La France ne peut exclure du bénéfice de l’allocation temporaire d’attente (ATA) les demandeurs d’asile ayant déposé une requête sur son territoire, même si l’examen de cette demande est de la responsabilité d’un autre Etat membre de l’Union européenne en vertu du règlement « Dublin II » (1). C’est ce qu’a décidé, le 27 septembre dernier, la Cour de justice de l’Union européenne (CJUE) en répondant à une question préjudicielle posée par le Conseil d’Etat (2). La Haute Juridiction administrative vient d’en tirer les conséquences dans un arrêt du 17 avril annulant la disposition de la circulaire du 3 novembre 2009 qui excluait les demandeurs d’asile « Dublin II » du bénéfice de l’ATA (3).

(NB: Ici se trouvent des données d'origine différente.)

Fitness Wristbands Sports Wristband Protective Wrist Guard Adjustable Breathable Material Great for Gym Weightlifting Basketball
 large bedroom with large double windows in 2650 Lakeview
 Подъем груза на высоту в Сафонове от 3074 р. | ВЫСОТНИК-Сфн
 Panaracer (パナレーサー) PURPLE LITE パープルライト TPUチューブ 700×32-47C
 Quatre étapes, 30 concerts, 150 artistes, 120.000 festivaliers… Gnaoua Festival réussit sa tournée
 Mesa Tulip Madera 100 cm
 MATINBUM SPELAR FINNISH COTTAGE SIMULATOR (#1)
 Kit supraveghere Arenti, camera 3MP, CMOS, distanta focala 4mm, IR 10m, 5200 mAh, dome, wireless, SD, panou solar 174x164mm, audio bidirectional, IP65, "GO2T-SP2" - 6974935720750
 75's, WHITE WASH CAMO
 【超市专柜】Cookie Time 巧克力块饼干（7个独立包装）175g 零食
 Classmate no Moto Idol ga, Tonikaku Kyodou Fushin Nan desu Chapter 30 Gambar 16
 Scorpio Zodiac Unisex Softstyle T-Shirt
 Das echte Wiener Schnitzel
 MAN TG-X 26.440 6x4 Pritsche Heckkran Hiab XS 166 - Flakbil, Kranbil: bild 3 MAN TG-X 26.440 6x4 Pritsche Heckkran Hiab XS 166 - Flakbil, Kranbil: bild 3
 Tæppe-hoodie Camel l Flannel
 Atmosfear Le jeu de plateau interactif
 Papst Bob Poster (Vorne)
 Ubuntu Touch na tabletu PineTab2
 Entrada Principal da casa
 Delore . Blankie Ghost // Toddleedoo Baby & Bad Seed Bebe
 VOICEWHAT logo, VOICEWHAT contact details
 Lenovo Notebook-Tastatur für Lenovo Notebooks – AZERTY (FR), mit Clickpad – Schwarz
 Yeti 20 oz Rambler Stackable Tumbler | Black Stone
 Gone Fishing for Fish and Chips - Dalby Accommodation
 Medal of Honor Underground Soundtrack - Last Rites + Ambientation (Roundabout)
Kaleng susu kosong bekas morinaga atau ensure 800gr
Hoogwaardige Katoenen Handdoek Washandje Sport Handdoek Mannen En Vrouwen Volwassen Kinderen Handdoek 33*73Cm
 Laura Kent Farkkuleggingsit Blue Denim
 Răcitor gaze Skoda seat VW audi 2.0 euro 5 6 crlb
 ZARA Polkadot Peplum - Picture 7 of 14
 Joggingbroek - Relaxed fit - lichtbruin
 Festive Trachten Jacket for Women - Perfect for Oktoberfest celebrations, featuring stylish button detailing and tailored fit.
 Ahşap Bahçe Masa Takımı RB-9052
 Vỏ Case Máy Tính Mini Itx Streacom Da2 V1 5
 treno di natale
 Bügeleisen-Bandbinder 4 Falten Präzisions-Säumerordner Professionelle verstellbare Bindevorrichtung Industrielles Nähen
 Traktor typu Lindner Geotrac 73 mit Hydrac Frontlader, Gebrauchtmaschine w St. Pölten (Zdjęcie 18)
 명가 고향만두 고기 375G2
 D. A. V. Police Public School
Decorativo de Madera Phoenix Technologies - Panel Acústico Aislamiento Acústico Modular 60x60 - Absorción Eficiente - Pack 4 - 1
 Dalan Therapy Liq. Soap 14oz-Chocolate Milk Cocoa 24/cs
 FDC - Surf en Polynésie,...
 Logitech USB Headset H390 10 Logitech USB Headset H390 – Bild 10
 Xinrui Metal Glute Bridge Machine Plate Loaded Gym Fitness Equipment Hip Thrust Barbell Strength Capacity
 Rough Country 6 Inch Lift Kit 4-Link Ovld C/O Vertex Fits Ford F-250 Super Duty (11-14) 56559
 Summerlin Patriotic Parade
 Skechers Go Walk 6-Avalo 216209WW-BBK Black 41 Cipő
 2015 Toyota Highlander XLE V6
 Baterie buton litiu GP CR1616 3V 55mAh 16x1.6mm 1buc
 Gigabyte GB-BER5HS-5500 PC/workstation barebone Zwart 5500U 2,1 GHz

Une aide qui, pour mémoire, trouve son origine dans la directive européenne 2003/9/CE du 27 janvier 2003 relative aux normes minimales pour l’accueil des demandeurs d’asile, laquelle demande aux Etats membres de garantir un niveau de vie assurant la santé et la subsistance des demandeurs d’asile pendant l’examen de leur requête (par exemple, par le versement d’une allocation).
Cette décision du 17 avril 2013 marque le terme de près de trois ans de procédure. Tout est parti d’une saisine du Conseil d’Etat par la Cimade et le GISTI (Groupe d’information et de soutien des immigrés), qui contestaient la légalité de la circulaire de 2009. Dans un premier arrêt du 7 avril 2011, les sages avaient annulé le texte sur plusieurs points mais avaient préféré renvoyé à la CJUE la question du droit à l’ATA des demandeurs d’asile dont la prise en charge relève d’un autre Etat membre (4). La circulaire contestée prévoyait en effet l’attribution de l’allocation aux demandeurs d’asile pendant toute la durée de la procédure d’instruction de leur demande, « sauf si la demande d’asile relève de la compétence d’un autre Etat européen en application des dispositions du règlement “Dublin II” ».
Dans son arrêt du 17 avril 2013, le Conseil d’Etat indique en premier lieu que, même si l’article L. 741-4 du code de l’entrée et du séjour des étrangers et du droit d’asile autorise l’administration à refuser l’admission au séjour des demandeurs d’asile dont la demande relève d’un autre Etat membre, ces derniers disposent du droit de rester en France jusqu’à ce qu’ils aient été transférés dans l’autre Etat, en application de l’article 7 de la directive européenne 2005/85/CE du 1er décembre 2005 relative à des normes minimales concernant la procédure d’octroi et de retrait du statut de réfugié dans les Etats membres. Dès lors, ils doivent pouvoir accéder aux conditions minimales d’accueil prévues par la directive du 27 janvier 2003.
Le Conseil d’Etat s’arrête également sur l’article L. 5423-8 du code du travail qui dispose que peuvent bénéficier de l’ATA « les ressortissants étrangers dont le titre de séjour ou le récépissé de demande de titre de séjour mentionne qu’ils ont sollicité l’asile en France et qui ont présenté une demande tendant à bénéficier du statut de réfugié, s’ils satisfont à des conditions d’âge et de ressources ». Pour les sages, ces dispositions doivent être interprétées à la lumière de la directive du 27 janvier 2003. Et n’ont donc pas pour objet et ne sauraient avoir pour effet d’exiger la détention d’un titre de séjour ou d’un récépissé pour le demandeur d’asile dont la demande relève de la compétence d’un autre Etat. Ainsi, les demandeurs d’asile en attente de transfert après détermination de l’Etat responsable de leur demande doivent bénéficier des conditions minimales d’accueil… et ont donc droit à l’ATA – sous réserve de remplir les conditions d’âge et de ressources prévues – jusqu’à ce qu’ils aient effectivement été transférés dans l’Etat compétent ou, le cas échéant, jusqu’à ce que la France, ayant finalement engagé l’examen de sa demande, se soit prononcée sur celle-ci.
(1) Rappelons que la demande d’asile déposée en France peut relever de la compétence d’un autre Etat européen, en application du règlement européen n° 343/2003 du 18 février 2003, dit « Dublin II ». En vertu de ce texte, la demande est examinée par un seul pays européen. Pour savoir quel pays est responsable, plusieurs critères sont appliqués. Si la France n’est pas responsable, l’étranger est transféré vers le pays concerné, après accord sur sa prise en charge.